El consumo de alucinógenos no era solo una muestra de resistencia cultural por parte de indígenas y de afrodescendientes, sino que se encontraba inserto en relaciones de desigualdad propias de la sociedad colonial. Es innegable que, aunque en muchos casos los indígenas y afrodescendientes podían recibir una compensación económica o una suerte de estatus por sus habilidades o conocimientos relacionados con plantas como el peyote, el borrachero, la coca o el tabaco, no se pueden subestimar los peligros que acarreaban los rituales y, peor aún, los riesgos que la persecución por parte de la Inquisición imponía sobre sus cuerpos. Las acusaciones y los castigos de carácter ejemplar demostraban que la gravedad de los delitos estaba condicionada por el lugar social que ocupaba quien era señalado por infringir algún precepto moral o religioso.
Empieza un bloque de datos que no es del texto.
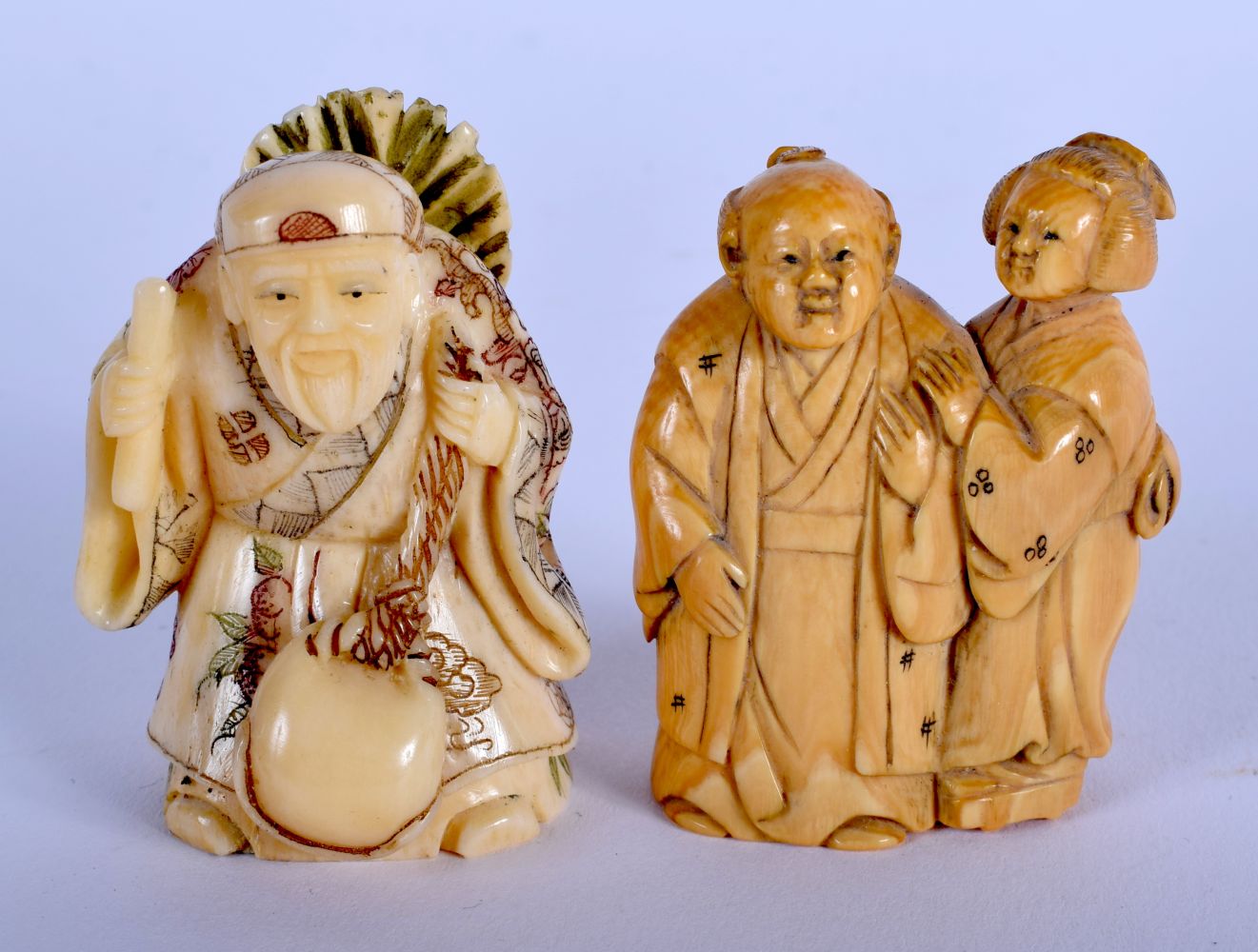 AN EARLY 20TH CENTURY JAPANESE MEIJI PERIOD CARVED IVORY NETSUKE together with another C1920 bone ne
En algunos procesos se menciona que la ingesta de alucinógenos era llevada a cabo por indígenas y afrodescendientes, pero en muchas ocasiones, los beneficiarios de las alucinaciones eran —en última instancia—, los españoles y sus descendientes.10
Si bien, en principio, estas plantas alucinógenas estaban estrechamente vinculadas con los marcos de referencia indígenas, luego de la Conquista, terminaron siendo apropiadas y, en consecuencia, reinterpretadas y usadas para propósitos distintos a los del contexto cultural de origen. Curar, adivinar el futuro, cambiar los designios del destino o buscar objetos perdidos y tesoros se convirtieron en tareas que asumieron los indígenas y los afrodescendientes, si bien en muchos casos atendieron necesidades ajenas y se hicieron en contra de su voluntad, como el de Diego Panojo y la yerba borrachera. El consumo de alucinógenos muestra cómo operaban los mecanismos de desigualdad y violencia de la sociedad colonial. Mientras los europeos buscaban nuevas maneras de enfrentar su realidad al adquirir un gusto por aquello que en principio debían rechazar, se valieron del conocimiento indígena y de la vulnerabilidad de los afrodescendientes esclavizados y libres, para construir y perpetuar una imagen negativa sobre los cuerpos racializados.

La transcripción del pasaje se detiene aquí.